Business education needs to be radically rethought if trade is to be conducted ethically, Anita Roddick, founder of the Body Shop, said in Edinburgh this week.
Ms Roddick told economics and business teachers that social justice, human rights, community economics and ethics had to be incorporated into the traditional business studies curriculum.
"I am trying to change the language of business," she claimed. "If there is no moral sympathy, then God help us all." Business education should break the taboo about using economic indicators other than growth and profit and challenge current thinking on free trade.
Business schools, Ms Roddick said, were producing "financial barbarians". There had to be teaching about the viability of small-scale businesses.
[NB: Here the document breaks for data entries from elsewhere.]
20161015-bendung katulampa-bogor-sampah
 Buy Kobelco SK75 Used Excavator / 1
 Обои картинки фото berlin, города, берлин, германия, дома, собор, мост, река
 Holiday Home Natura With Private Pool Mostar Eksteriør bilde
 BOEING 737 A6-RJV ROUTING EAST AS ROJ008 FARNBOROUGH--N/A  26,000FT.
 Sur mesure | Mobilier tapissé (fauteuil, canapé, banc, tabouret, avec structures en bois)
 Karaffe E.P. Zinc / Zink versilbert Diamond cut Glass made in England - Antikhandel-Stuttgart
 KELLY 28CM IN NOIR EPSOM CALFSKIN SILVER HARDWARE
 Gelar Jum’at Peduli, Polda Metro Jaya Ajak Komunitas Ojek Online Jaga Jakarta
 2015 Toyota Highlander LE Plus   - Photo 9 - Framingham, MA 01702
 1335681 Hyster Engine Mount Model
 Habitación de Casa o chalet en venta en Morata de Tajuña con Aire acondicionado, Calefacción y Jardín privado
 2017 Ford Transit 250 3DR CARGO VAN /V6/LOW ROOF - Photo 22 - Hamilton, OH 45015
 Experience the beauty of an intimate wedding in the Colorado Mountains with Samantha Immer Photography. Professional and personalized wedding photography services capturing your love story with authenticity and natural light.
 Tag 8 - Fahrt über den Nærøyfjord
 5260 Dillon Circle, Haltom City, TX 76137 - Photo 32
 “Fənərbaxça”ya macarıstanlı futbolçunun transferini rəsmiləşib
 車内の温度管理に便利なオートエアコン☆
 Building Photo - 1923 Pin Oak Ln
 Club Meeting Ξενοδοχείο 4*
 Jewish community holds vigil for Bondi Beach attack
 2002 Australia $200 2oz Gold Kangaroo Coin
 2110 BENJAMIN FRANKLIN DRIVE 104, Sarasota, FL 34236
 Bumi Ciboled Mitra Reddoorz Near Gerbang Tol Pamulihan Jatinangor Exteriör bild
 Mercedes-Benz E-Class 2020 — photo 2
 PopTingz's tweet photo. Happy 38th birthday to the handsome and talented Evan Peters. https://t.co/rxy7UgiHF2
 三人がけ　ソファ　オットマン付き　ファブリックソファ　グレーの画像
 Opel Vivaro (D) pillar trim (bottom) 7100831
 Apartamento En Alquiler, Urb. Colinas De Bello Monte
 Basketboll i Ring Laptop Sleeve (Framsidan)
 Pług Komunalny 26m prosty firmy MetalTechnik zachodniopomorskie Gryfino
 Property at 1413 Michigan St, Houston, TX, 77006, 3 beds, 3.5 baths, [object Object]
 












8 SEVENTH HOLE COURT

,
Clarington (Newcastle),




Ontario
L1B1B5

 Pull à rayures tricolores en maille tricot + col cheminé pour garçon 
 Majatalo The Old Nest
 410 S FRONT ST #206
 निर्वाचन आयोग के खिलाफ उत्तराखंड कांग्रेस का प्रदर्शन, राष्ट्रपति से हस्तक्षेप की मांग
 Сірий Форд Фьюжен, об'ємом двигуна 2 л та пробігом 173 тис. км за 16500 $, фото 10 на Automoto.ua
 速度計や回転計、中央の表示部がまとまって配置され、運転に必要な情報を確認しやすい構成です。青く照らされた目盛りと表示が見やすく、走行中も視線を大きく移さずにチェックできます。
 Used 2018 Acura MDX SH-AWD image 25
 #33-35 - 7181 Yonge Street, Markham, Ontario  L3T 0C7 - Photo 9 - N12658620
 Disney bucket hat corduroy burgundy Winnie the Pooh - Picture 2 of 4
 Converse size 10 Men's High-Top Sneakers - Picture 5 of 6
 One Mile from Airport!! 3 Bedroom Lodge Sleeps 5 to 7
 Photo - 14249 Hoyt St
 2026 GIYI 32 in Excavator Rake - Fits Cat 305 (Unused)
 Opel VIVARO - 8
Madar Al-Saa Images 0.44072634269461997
Children had to be encouraged to travel and experience the world, what she described as the university without walls, adding that the Body Shop pays more attention to personal experience than academic qualifications.
Mr Roddick, a former teacher, said: "You cannot teach entrepreneurship. I am essentially a delinquent that cannot fit in." Her teaching experience in the sixties had inculcated a sense that children's creativity can be unlocked by allowing them to challenge perceived wisdom.
Business studies teachers spoke of the difficulty of a curriculum shaped for the demands of specific employers. Janet Campbell, a lecturer at Glenrothes College, said: "It is good to hear someone challenge ideas. There is often no room for creative thinking."